RADICALI ROMA

Spesa locale, un futuro su cui riflettere

  Dinanzi alla rivolta dei sindaci, gran parte dei quali di centro-sinistra, è probabile che il Governo non potesse che fare parziale marcia indietro sulle misure inizialmente previste nella legge finanziaria per tagliare le spese degli enti locali. Ne dovrebbero trarre vantaggio anche i contribuenti ai quali, forse, sarà evitata un’ulteriore spremitura.

 

 

 

 Sarebbe ora il caso, però, di non archiviare il tema della spesa locale, che altrimenti si ripresenterà, in termini sempre più difficili, a ogni Finanziaria.

 

 

 

 La prima riflessione dovrebbe riguardare il federalismo fiscale, che significa, semplicemente, attribuire alla politica locale la responsabilità di conciliare mezzi e fini, spese e servizi, applicando l’aurea massima che “nessun pasto è gratis”.

 

 

 

 In effetti, gli enti locali, negli ultimi anni, non hanno dimostrato particolare virtuosità finanziaria (a parte poche e lodevoli eccezioni).
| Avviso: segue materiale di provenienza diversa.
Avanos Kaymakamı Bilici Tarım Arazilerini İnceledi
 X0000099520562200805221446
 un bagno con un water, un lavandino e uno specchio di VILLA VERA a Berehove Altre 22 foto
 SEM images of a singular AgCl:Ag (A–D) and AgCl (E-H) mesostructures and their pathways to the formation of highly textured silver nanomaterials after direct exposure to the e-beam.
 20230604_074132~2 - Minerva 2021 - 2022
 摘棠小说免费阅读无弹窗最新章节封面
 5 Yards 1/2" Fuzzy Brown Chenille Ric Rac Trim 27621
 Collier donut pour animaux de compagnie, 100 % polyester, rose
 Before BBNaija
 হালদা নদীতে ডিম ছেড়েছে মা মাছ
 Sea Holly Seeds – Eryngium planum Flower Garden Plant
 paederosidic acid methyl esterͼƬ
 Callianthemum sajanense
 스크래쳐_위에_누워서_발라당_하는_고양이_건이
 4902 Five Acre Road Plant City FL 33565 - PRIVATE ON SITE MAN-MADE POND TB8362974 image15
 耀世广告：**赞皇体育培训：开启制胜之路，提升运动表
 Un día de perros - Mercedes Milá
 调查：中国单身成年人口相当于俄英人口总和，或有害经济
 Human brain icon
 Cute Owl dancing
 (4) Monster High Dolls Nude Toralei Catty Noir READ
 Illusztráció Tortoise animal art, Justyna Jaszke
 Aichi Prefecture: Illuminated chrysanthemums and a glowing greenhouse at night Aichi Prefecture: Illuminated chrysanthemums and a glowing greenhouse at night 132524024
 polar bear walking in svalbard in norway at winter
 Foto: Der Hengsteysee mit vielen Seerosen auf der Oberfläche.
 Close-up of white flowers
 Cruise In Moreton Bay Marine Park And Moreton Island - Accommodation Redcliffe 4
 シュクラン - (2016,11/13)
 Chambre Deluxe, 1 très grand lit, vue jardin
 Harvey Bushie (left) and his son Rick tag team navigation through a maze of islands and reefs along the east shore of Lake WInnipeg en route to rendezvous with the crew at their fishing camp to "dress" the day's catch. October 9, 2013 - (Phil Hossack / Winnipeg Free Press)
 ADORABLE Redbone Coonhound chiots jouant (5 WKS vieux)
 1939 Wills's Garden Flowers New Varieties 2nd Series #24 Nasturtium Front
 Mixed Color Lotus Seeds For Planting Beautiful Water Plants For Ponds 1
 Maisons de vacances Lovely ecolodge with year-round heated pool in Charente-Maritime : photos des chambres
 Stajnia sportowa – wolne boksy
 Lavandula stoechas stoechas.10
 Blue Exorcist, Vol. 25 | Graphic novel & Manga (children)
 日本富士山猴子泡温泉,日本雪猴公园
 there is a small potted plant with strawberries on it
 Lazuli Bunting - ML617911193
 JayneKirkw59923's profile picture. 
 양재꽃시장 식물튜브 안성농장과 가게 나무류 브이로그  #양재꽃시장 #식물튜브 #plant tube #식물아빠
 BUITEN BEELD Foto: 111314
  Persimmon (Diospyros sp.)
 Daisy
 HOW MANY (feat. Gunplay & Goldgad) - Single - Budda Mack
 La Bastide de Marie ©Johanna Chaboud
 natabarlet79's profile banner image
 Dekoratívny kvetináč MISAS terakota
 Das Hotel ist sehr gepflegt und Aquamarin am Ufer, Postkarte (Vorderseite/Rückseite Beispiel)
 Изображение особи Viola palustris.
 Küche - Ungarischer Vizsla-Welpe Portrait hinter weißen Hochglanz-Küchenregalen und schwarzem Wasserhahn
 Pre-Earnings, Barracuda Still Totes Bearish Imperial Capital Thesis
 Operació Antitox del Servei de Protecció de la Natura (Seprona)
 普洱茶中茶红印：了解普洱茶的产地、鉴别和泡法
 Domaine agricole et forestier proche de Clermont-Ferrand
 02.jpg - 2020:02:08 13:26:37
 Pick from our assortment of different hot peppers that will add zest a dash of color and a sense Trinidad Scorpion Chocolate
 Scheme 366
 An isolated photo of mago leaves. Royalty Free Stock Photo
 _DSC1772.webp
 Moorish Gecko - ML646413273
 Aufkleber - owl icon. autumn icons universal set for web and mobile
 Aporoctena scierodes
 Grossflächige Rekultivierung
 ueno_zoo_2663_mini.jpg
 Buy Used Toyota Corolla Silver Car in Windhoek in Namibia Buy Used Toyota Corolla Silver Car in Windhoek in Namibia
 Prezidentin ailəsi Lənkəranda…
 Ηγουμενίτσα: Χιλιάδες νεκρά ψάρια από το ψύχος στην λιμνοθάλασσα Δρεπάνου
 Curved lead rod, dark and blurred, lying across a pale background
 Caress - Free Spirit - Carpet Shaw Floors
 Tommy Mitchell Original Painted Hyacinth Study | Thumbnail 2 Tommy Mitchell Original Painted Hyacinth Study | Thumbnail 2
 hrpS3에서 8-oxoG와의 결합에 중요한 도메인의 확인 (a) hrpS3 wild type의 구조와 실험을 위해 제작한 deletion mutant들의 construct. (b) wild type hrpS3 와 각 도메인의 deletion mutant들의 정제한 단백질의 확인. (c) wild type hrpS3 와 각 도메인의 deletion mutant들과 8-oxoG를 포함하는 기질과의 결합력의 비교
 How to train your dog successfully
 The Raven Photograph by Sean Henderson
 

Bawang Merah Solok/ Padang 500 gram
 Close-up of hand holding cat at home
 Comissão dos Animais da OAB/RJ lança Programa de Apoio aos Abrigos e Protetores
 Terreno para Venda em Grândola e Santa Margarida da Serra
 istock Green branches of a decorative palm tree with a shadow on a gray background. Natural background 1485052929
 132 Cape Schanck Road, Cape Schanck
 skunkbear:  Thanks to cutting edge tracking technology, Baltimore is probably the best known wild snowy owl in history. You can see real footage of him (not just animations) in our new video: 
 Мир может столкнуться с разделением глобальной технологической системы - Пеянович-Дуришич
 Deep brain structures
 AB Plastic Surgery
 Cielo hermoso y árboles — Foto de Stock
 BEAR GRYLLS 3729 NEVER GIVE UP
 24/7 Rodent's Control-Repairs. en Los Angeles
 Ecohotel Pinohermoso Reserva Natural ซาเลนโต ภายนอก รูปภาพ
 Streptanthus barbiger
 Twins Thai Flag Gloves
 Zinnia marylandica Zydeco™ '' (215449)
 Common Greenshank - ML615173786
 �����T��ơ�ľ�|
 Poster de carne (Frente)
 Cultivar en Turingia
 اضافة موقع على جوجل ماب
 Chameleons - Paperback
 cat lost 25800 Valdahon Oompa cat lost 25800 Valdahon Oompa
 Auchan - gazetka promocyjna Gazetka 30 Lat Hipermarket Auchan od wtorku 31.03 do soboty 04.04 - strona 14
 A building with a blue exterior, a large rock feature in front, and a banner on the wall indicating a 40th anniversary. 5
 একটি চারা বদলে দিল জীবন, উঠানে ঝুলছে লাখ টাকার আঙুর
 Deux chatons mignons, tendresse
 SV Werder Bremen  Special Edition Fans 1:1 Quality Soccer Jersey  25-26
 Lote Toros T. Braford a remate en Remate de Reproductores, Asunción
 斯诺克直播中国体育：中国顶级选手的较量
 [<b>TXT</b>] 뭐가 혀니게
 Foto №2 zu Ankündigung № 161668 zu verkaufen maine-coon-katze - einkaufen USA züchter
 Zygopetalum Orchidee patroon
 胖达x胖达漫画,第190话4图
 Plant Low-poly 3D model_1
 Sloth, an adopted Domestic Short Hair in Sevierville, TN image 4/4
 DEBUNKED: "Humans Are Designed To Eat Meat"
È una fonte non sospetta, ossia uno studio originariamente nato per il programma dell’Unione e recentemente pubblicato dal Mulino (I conti a rischio – La vulnerabilità della finanza pubblica italiana, di Riccardo Faini, Silvia Giannini, Daniel Gros, Giuseppe Pisauro e Fiorella Kostoris Padoa Schioppa) a sottolineare, per esempio che, mentre «i dipendenti delle amministrazioni centrali sono diminuiti, dal 1990 ad oggi, dell’1,5%, il numero dei dipendenti delle amministrazioni locali è cresciuto di quasi il 3%».

 

 

 

 Affrontare la questione, com’è stato fatto negli anni passati, con l’accetta, pensando che basti bloccare turn-over e assunzioni è naturalmente un’illusione. Le amministrazioni locali, e anche quella centrale, hanno bisogno di tagliare, certo, ma, in certi casi, anche di spendere più e meglio e di assumere personale aggiornato e qualificato. Ma esse devono allora ridefinire cosa vogliano fare e come. Devono ripensare a quali servizi fornire e al modo in cui garantirli; magari abbandonando pratiche e organizzazioni ottocentesche per dare spazio al mercato e alla concorrenza, liberando così risorse. Anche nel settore più delicato, costoso e impegnativo, quello sociale, ci sarebbe ampio spazio per ricercare margini di efficienza attraverso privatizzazioni e concorrenza (vera, non riservata ai soliti noti e lottizzati).

 

 

 

 C’è poi il capitolo, già ampiamente discusso su queste colonne, delle ex-municipalizzate che hanno spesso cambiato la veste giuridica ma non le cattive abitudini: col risultato, sottolineava una recente indagine Mediobanca-Civicum, che i servizi pubblici municipali hanno visto lievitare le tariffe negli ultimi anni a fronte di una difesa occhiuta della proprietà pubblica (il 73% di esse è interamente posseduto dagli enti locali) e del monopolio; e garantiscono copertura dei costi in proporzione straordinariamente inferiore rispetto a quanto accade in altri Paesi (per il trasporto pubblico locale, in Italia il grado di copertura è del 30,7%, in Gran Bretagna dell’84,2 e in Germania del 60,5).

 

 

 

 Quanto ai costi della politica, di nuovo, pensare che basti infierire sulle misere buste paga degli assessori dei piccoli centri è pura demagogia. La via maestra, se mai, è affrontare la ripartizione delle competenze e ripensare serenamente su natura e funzioni delle Province. Decidendo magari di abolirle gradualmente, per esempio fra due legislature: si eviterebbero così traumi immediati a molte carriere politiche e sarebbe più facile placare le resistenze. Ma, a data certa, potremmo contare su un’amministrazione pubblica più agile ed efficiente, meno ridondante e costosa.